And London should be able to rely on the continued cooperation of the United States in this area of shared interest, since their cyber-research, both governmental and private, has been closely tied together for decades.
Within that trans-Atlantic framework, Britain’s specialized capacities will act as a force multiplier. By default, the incumbent military superpowers, the United States and China, will have more traditional defensive postures, seeking to match and neutralize each other’s offensive capabilities.
Caught in between that fundamentally defensive arms race, middle-tier powers such as the U.K., France, Russia, Japan, and India tip the scales in the favor of one or the other of the superpowers in particular areas. The difference between the U.K. and all the other relevant middle-tier powers is that the others also feel compelled to maintain an independent defensive posture of their own. France and Japan would normally expect the United States to underwrite their domestic defense, as Washington has done since World War II, but for both domestic political reasons and as a consequence of the disastrous effects of the Trump administration on allies’ trust in America’s security guarantees, they do not feel comfortable entrusting their defense entirely to Washington—Tokyo having ordered its largest-ever defense budget last year.
The U.K. is in a unique position in this respect because it does not have any reason to expect a threat to its heartland from any of its near- or even mid-distance neighbors. The closest hostile country to the U.K. is Russia—with a hearty swath of NATO states between it and Britain.

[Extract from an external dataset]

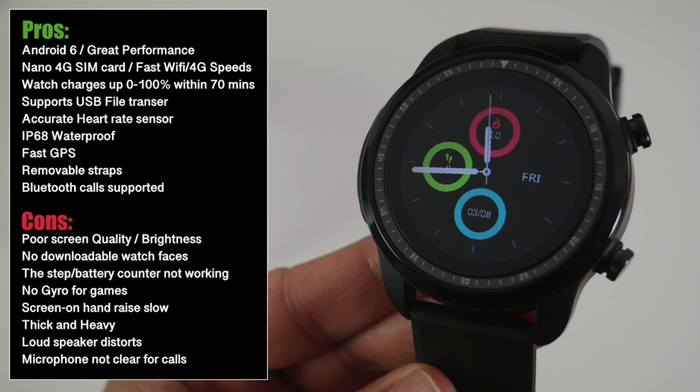This smartwatch took a few big steps forward by giving us Bluetooth phone calls and IP68 certification, but then took massive strides backwards, resulting in a very poor overall quality smartwatch. The negatives completely outweigh the positives: poor quality TFT screen, low resolution, grainy text and graphics, no downloadable watch faces, and the existing watch faces are actually dummies — none of the step counting or battery meters work on those faces. There is no gyroscope, the screen-on hand raise feature basically does not work, the watch is thick and heavy, the loudspeaker distorts during phone calls, and the microphone is not very clear. Bottom line: this appears to be an unfinished project. On paper the watch sounds great, but after practically using it, I can confirm it is officially the worst full Android smartwatch I have ever tested — a thorough and total disappointment.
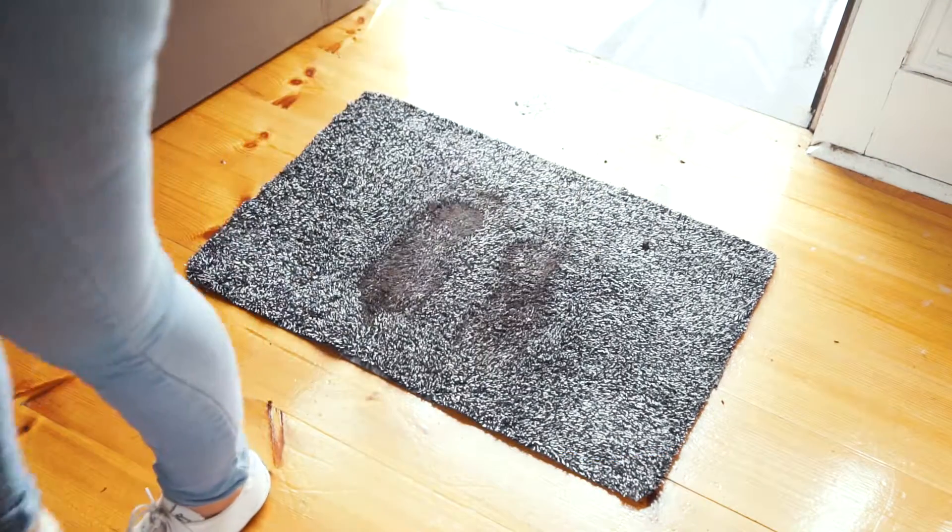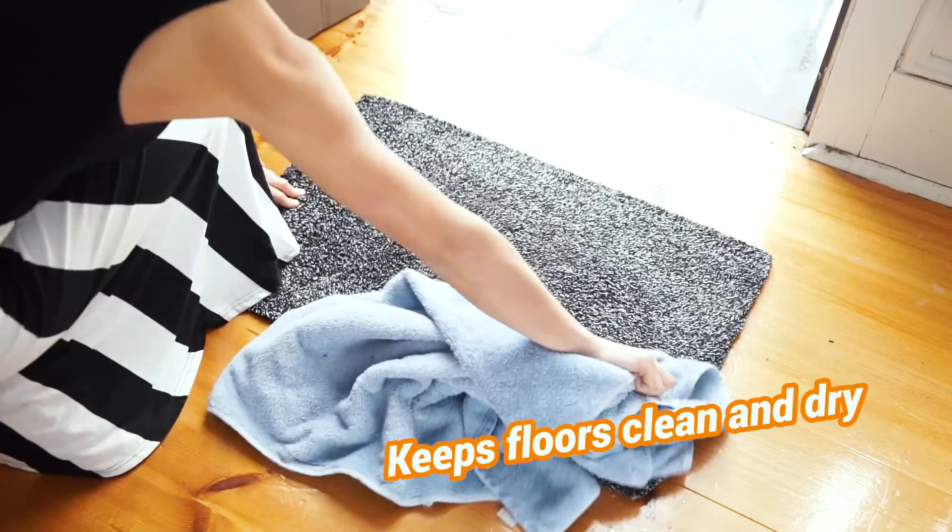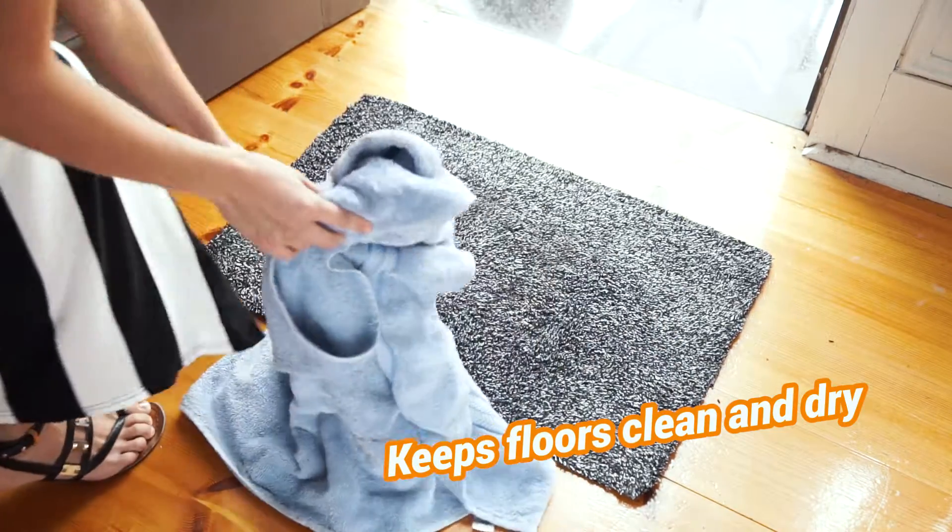Whether it's your kids, pets or anyone entering your home, the Dirt Removing Doormat is great for heavy-duty mess. So put your mop and vacuum cleaner away and say goodbye to dirty floors.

This frees the U.K. to allocate resources to offensive capabilities in the emergent areas of special operations, the internet, and, yes, even space to such an extent that it can reasonably be expected to be able to compete even with China and the United States in those specific areas.
This is where the last piece of the puzzle fits in: the shift of focus of the U.K. defense stance away from Europe and to the Indo-Pacific. Since Britain is making itself almost entirely dependent on the U.S. and NATO security guarantee for the traditional defense of its heartland, those new offensive capabilities will only be used against powers hostile to the trans-Atlantic alliance: China and, to a lesser extent, Russia. In other words, Washington is looking at having its capabilities effectively doubled in those areas for free. If anything is likely to contain the rise of China to regional military dominance, this force multiplier effect—led by the U.K. and perhaps soon followed by others—may be it.